ECOWAS Renews Single Currency Promise

The Deputy Governor of the Bank of Ghana, Millison Narh, says the West Africa Monetary Agency (WAMA) must double its efforts to achieve a single currency for the sub-region, after a ban on its international conference in the wake of Ebola crippled operations of the monetary agency.

Achieving a single currency for the West African sub-region has long been on the cards for the region’s leaders but previous timelines have not been met; with the latest deadline fixed at 2020, officials are confident that this new deadline will be met.

But the outbreak of Ebola three years ago led to a temporary ban on most international conferences, a move that Mr.
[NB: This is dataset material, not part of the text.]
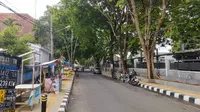 Renovasi Jalan Kota Serang Yang Dipenuhi oleh Pedagang Kaki Lima (Putri Anastasia Bangalino Suryana/Liputan6.com)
Narh argues prevented the technical committee from meeting to discuss issues under the new single-track ECOWAS single currency programme.

Mr. Narh speaking at the opening ceremony of the 28th Joint Ordinary Meeting of the Economic and Monetary Affairs, and the Operations & Administration Committees of WAMA last week, said the various countries in the sub-region failed to take advantage of the break in meetings as necessitated by Ebola.

“Unfortunately, we were not able to take advantage of the lull in meetings and the ample time it afforded us to make significant improvements in our macroeconomic performance in terms of meeting the convergence criteria,” he said.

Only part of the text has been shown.